§ What is being asked
From the listing below, output the lines between the one with "Icon image 개의 심장: 열린책들 세계문학 213" and the one with "(店+)【外銷出清24H】內六角套筒 星型套筒 六角套筒組", including those two, and nothing else. Pictures are not copied.

§ Data for analysis
:::

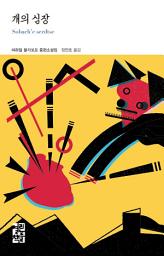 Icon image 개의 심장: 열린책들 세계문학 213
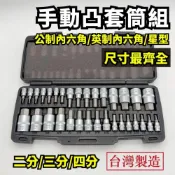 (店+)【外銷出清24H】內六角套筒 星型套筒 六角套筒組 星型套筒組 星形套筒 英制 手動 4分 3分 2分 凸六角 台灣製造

:::

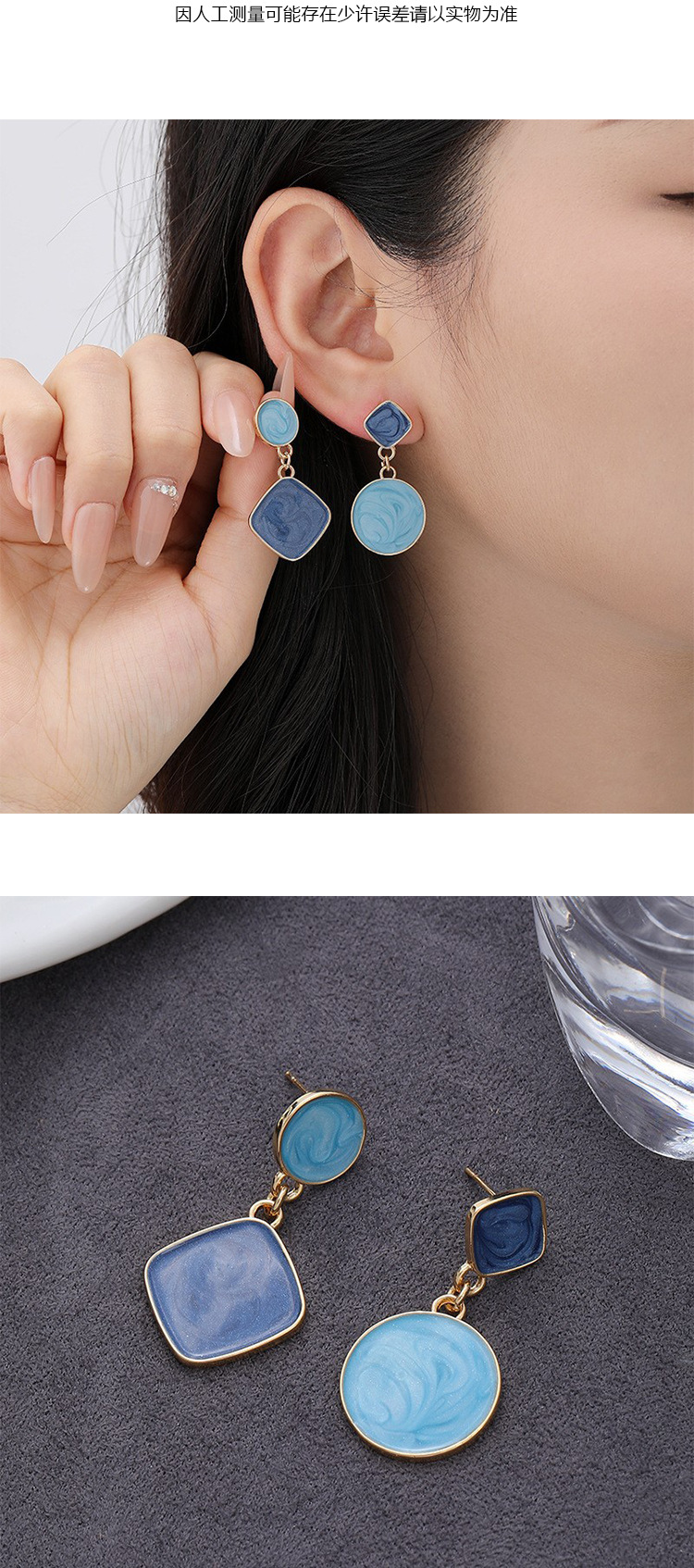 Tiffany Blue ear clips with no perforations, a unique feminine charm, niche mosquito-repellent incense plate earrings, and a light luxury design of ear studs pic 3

:::

§ Task output
 Icon image 개의 심장: 열린책들 세계문학 213
 (店+)【外銷出清24H】內六角套筒 星型套筒 六角套筒組 星型套筒組 星形套筒 英制 手動 4分 3分 2分 凸六角 台灣製造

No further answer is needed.